Will blogger's Polk Award finally bring respect?
by Kim Pearson

Joshua Michael Marshall, the founder Talking Points Memo, is among the recipients of the 2007 George Polk Awards. We're talking about a blogger winning a journalism award that has street cred with the folks who still pride themselves on knowing what a pica stick is for.

Marshall's reporting on the firing of eight US attorneys landed him in the number with martyred Oakland investigative reporter Chauncey Bailey, and creative non-fiction demigod John Mc Phee, among others. Do you think this means that bloggers who do journalism will finally be accorded respect by their traditional media counterparts?

Will Bunch hopes so::

Hopefully, this acknowledgment of what one savvy blogger and his team have accomplished is a milestone that will speed the day when mainstream journalists realize that the best kind of blogger like Marshall is truly one of our own kind, using new tools and a new way of thinking to break a news story that otherwise might have not been discovered.

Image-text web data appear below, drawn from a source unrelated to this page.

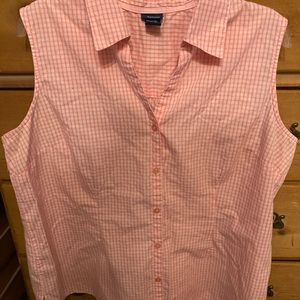 Basic Editions XL button-down sleeveless shirt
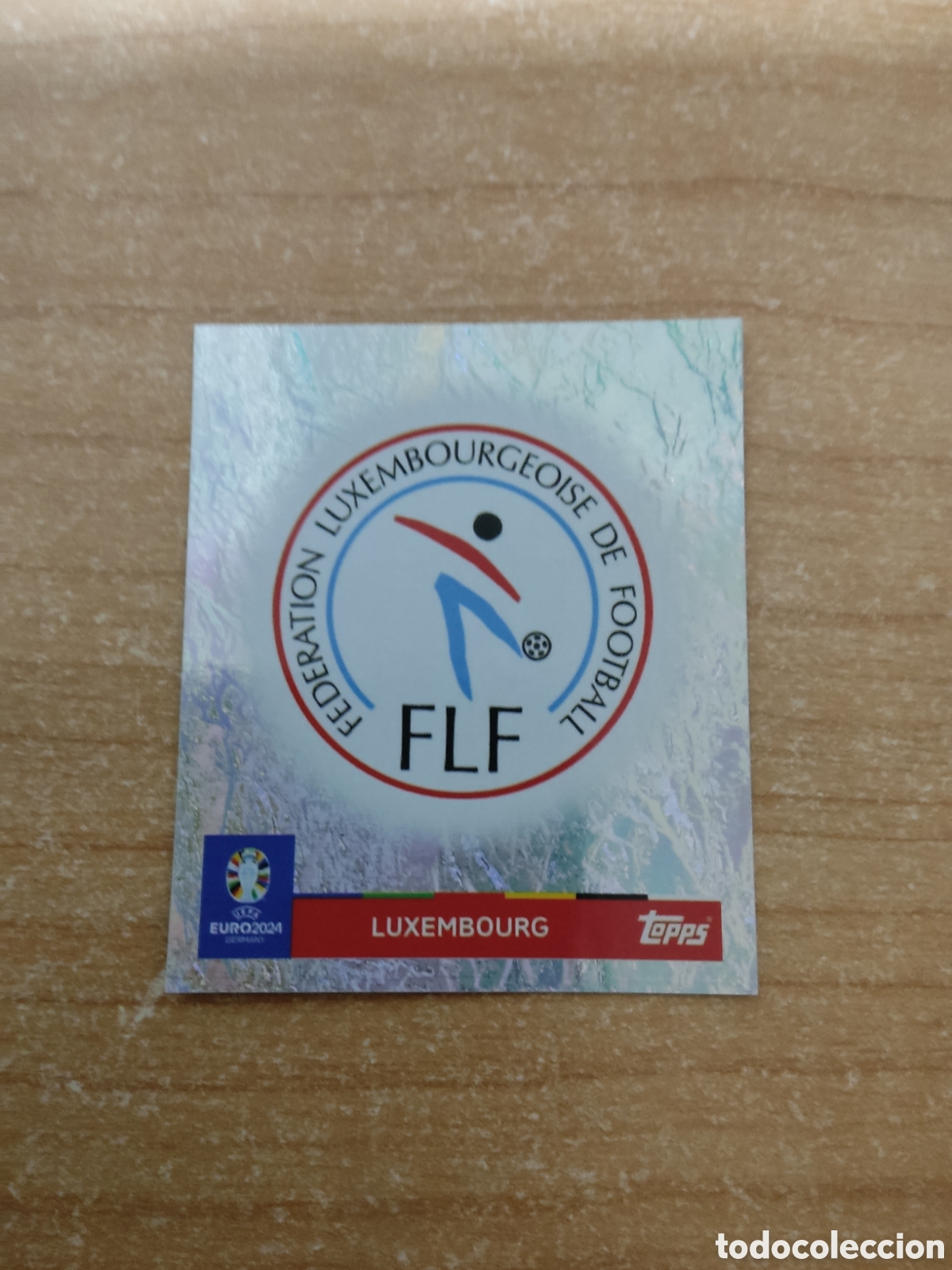 Cromos de f&uacute;tbol: 1 ESCUDO LUXEMBURGO EURO 2024 TOPPS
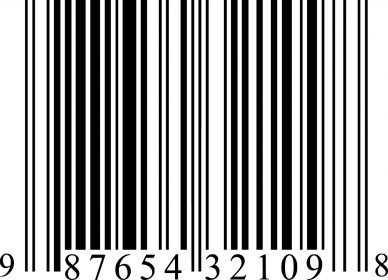 UPC-A 版本的條碼，圖片來源：Wikimedia。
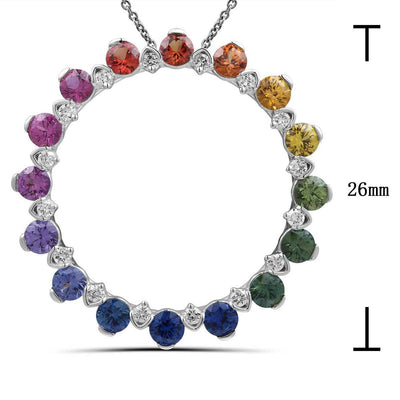 Medium Rainbow Orbit Pendant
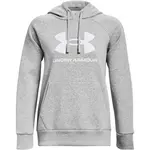 Under Armour RIVAL FLEECE BIG LOGO Dámská mikina, šedá, velikost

A George Polk award is a badge of journalistic courage honoring the late CBS news reporter who was shot to death in 1948 after critical reports on both sides in a civil war in Greece. His killers were never found. I had the privilege of knowing 1997 Polk Award winner Dr. Edna McKenzie. Here's what I wrote about her at the time of her death in 2005:

"The former Edna Chappelle began her newspaper career in 1941, after graduating from high school. She was inspired to go into news work by the example of her older sister, a 1936 Wilberforce graduate who edited a paper in Uniontown, Pennsylvania. After a stint at the Los Angeles Tribune, she joined the staff of the Pittsburgh Courier, working on the society column. Within a few years, she elbowed her way on to the news desk and covered murders (including lynchings) and other hard news alongside the men.

"Mc Kenzie was part of the team that carried out the "Double V" campaign during World War II, calling for victory against racism in the US as well as against the Axis powers. Braving threats of violence as well as government intimidation, Mc Kenzie and her colleagues documented discriminatory practices in housing, employment and public accommodations. One of her assignments was to go to restaurants and asked to be served. Sometimes she was just told that the establishment didn't serve blacks; at other times, she was told that the restaurant didn't serve whatever she asked for. McKenzie said that the treatment she was subjected to sometimes made her cry, but she would force herself to go out and endure it all over again. Her reporting buttressed several lawsuits against the restaurants. Ultimately, she told an interviewer, “We broke down discrimination in Pittsburgh many years before the civil rights movement started in the south.”

McKenzie told me that she felt her Polk Award signified recognition that journalists the fight against racism in the US was also a war.

But if you ask Chez Pazienza, mainstream journalism has lost too much of its own soul to appreciate bloggers like Marshall. The award -winning CNN producer says that he turned to blogging for inspiration after coming to feel that "the profession I once loved and felt honored to be a part of has lost its way." How badly?

"During my last couple of years as a television news producer, I watched the networks try to recover from a six year failure to bring truth to power (the political party in power being irrelevant incidentally; the job of the press is to maintain an adversarial relationship with the government at all times) and what's worse, to pretend that they had a backbone all along. I watched my bosses literally stand in the middle of the newsroom and ask, "What can we do to not lead with Iraq?" -- the reason being that Iraq, although an important story, wasn't always a surefire ratings draw. I was asked to complete self-evaluations which pressed me to describe the ways in which I'd "increased shareholder value." (For the record, if you're a rank-and-file member of a newsroom, you should never under any circumstances even hear the word "shareholders," let alone be reminded that you're beholden to them.)..."

He says CNN fired him last week for supposedly violating a little-known company rule requiring employees to get approval before writing for other publishing outlets -- and particularly, for espousing liberal political views:

"When I asked, just out of curiosity, who came across my blog and/or the columns in the Huffington Post, the woman from HR answered, "We have people within the company whose job is specifically to research this kind of thing in regard to employees."

Jesus, we have a Gestapo?"

Kate from Media Bistro exclaimed , "Honest to blog!" at Pazienza's tale, and wondered,

"CNN thinks he's the only employee who's blogging under his own name--and as they have some super-secret HR unit that researches this stuff, it must be so. Imagine what CNN could do if they devoted that energy to sniffing out news."

Who knows? They might even win a Polk Award. Maybe Josh Marshall could give them some tips.